AgentSkillsCN

model-checkpoint-evaluator

当用户需要在多个基准测试中评估多个模型检查点,依据准确率、F1分数或自定义评分函数等评价指标,甄选出表现最优的模型时,该技能会扫描包含模型检查点的目录,利用预设的评分算法执行基准测试,计算整体性能得分,并确定各项评价指标最高的检查点。它能够处理涉及多种基准类别和复杂数学评分公式的综合评估流程。

SKILL.md
--- frontmatter
name: model-checkpoint-evaluator
description: When the user needs to evaluate multiple model checkpoints across various benchmarks to identify the best performing model based on evaluation metrics like accuracy, F1-score, or custom scoring functions. This skill scans directories containing model checkpoints, runs benchmark evaluations using predefined scoring algorithms, calculates overall performance scores, and identifies the checkpoint with the highest evaluation metric.

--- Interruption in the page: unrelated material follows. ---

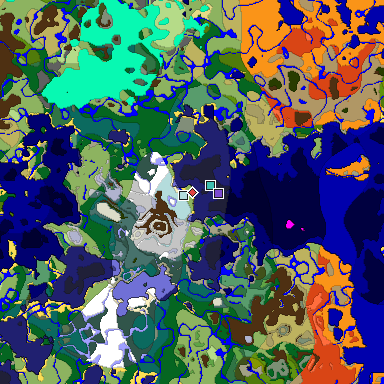 Predicted biome map of Java 1.18 seed -7699081460399491499 around estimated spawn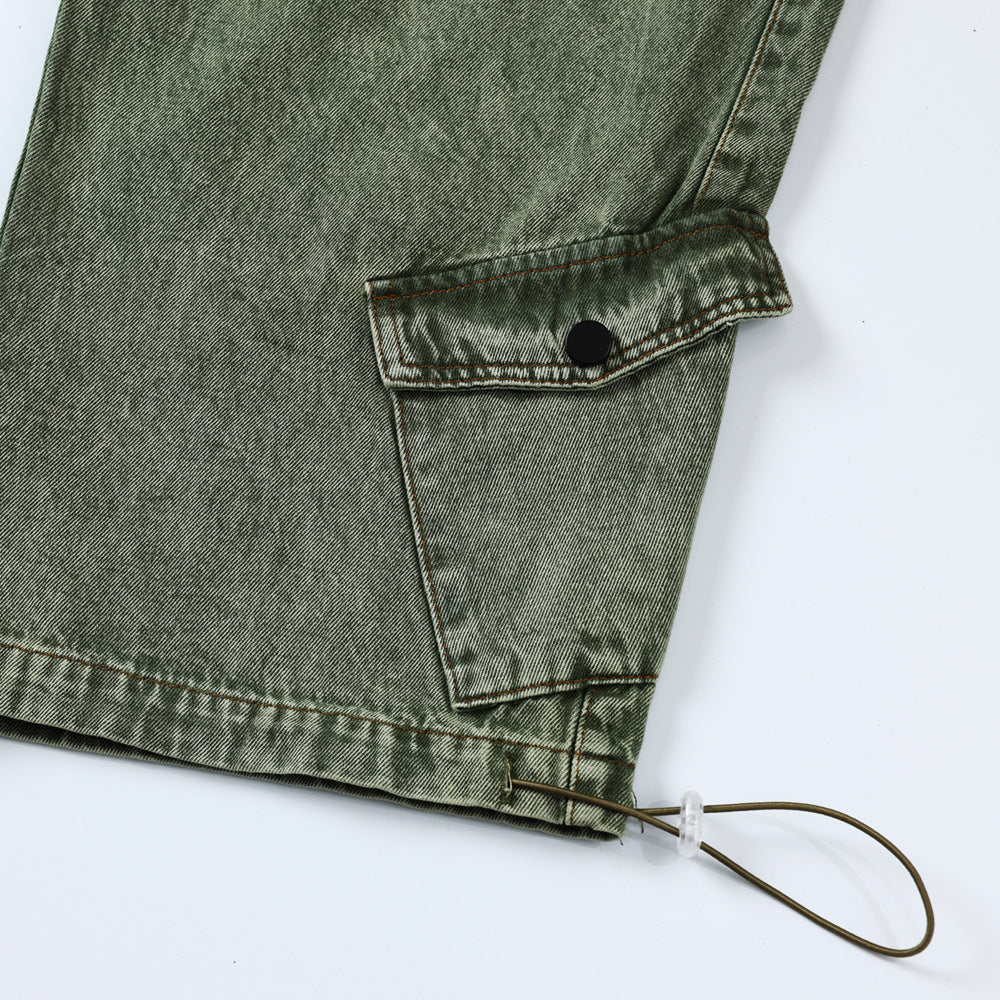Multi-Pocket Washed Wide-Leg Cargo Pants PinkLimes Trending Streetwear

It handles complex evaluation workflows involving multiple benchmark categories and mathematical scoring formulas.

Instructions

Overview

This skill evaluates model checkpoints across multiple benchmark categories using predefined scoring algorithms, identifies the best-performing checkpoint based on overall evaluation accuracy, and prepares it for deployment (e.g., uploading to Hugging Face Hub with updated documentation).

Workflow

1. Scan Workspace and Identify Checkpoints

  • List directories in the workspace to locate checkpoint folders.
  • Checkpoint folders are typically named with step numbers (e.g., step_100, step_200).
  • Extract step numbers from folder names for evaluation.

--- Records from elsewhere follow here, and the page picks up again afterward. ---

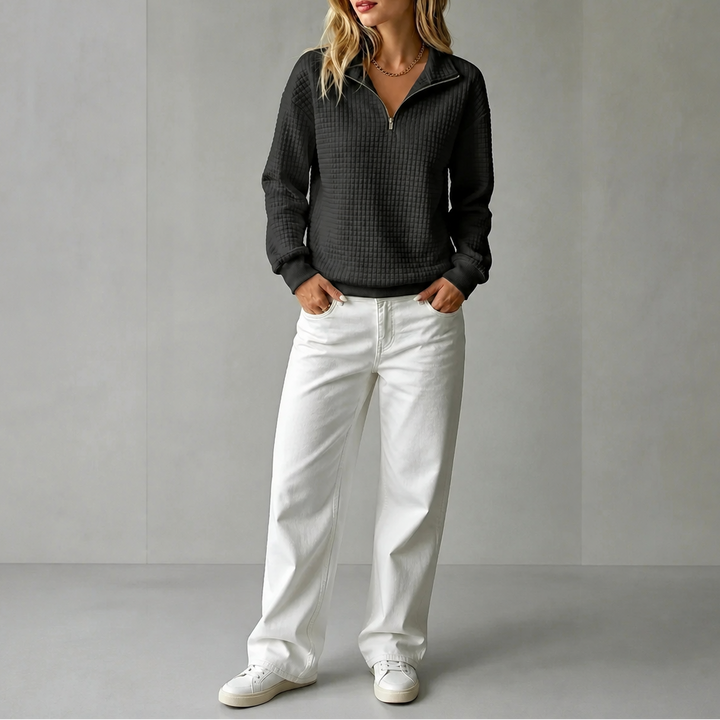Wearbella – Quilted Structured-Collar Zip Sweater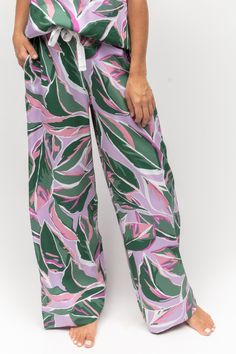 Cyberjammies Lexi Leaf Print Wide Leg Pyjama Bottoms Lilac Sleep Snap, Lilac And Green, Pajama Bottoms Womens, Unisex Pajamas, Comfy Pjs, Green Leaf Print, Floral Pajamas, Evening Routine, Pyjama Bottoms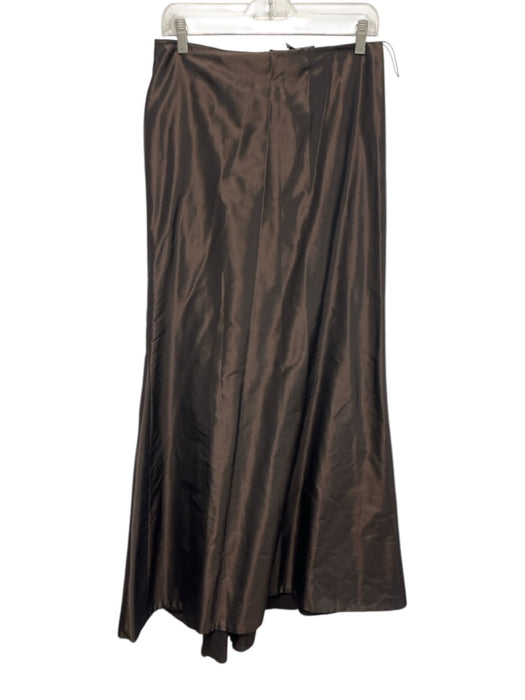 Carmen Marc Valvo Size 8 Dark Grey Silk Satin Zip Back Maxi Skirt Dark Grey / 8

2. Run Benchmark Evaluations

  • Use the bundled benchmark_calculator.py script to compute scores for each checkpoint.
  • The script implements 15 benchmark scoring functions derived from the original Cython module:
    • Core Reasoning Tasks: Math Reasoning, Logical Reasoning, Common Sense
    • Language Understanding: Reading Comprehension, Question Answering, Text Classification, Sentiment Analysis
    • Generation Tasks: Code Generation, Creative Writing, Dialogue Generation, Summarization
    • Specialized Capabilities: Translation, Knowledge Retrieval, Instruction Following, Safety Evaluation
  • Each scoring function uses mathematical formulas (sigmoid, rational, exponential) based on step value.

3. Calculate Overall Performance

  • For each checkpoint, compute the average of all benchmark scores as the eval_accuracy.
  • Identify the checkpoint with the highest eval_accuracy.

4. Prepare Best Model for Deployment

  • Update the model's README.md with benchmark scores (keep three decimal places).
  • Ensure all necessary files are present: config.json, pytorch_model.bin, figures.
  • If required, push the model to Hugging Face Hub:
    • Use the Hugging Face token from hf_token.txt.
    • Create/update repository with the model name specified by the user.
    • Upload the entire checkpoint folder.

Key Decisions

  • Benchmark Scoring: Use the formulas in benchmark_calculator.py; do not modify them.
  • README Update: Only replace {RESULT} placeholders with scores; preserve all other content.
  • File Handling: Copy necessary assets (e.g., figures) to the checkpoint folder before upload.
  • Error Handling: If a checkpoint folder is missing required files, skip it and log a warning.

Notes

  • The skill assumes checkpoints are in a structured directory (e.g., workspace/checkpoints/).
  • For Hugging Face upload, ensure huggingface_hub is installed and the token is valid.
  • All benchmark scores are rounded to three decimal places in the final README.